• BRIEF: Examine the entries and show every line in which the word "Toyota" is found.

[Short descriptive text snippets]
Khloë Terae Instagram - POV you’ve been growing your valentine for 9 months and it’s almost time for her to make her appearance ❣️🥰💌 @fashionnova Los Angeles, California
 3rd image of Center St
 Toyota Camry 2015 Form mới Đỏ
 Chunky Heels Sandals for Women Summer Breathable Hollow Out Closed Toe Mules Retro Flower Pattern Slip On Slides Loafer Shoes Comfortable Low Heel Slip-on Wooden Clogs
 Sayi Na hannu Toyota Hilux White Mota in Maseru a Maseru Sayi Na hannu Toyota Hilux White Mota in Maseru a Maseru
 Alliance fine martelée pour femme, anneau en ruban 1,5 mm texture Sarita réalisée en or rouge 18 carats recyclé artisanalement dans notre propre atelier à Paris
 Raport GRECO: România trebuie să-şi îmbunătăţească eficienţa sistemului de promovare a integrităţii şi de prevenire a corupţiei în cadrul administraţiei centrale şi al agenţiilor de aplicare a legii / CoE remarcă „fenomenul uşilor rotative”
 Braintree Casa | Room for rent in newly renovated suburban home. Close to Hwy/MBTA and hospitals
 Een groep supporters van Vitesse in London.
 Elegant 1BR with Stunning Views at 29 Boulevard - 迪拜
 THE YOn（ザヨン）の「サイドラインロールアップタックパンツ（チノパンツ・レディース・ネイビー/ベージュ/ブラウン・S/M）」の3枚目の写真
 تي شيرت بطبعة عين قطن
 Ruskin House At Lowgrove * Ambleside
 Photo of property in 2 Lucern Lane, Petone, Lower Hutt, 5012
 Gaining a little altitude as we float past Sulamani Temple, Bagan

• TASK RESULT:
 Toyota Camry 2015 Form mới Đỏ
 Sayi Na hannu Toyota Hilux White Mota in Maseru a Maseru Sayi Na hannu Toyota Hilux White Mota in Maseru a Maseru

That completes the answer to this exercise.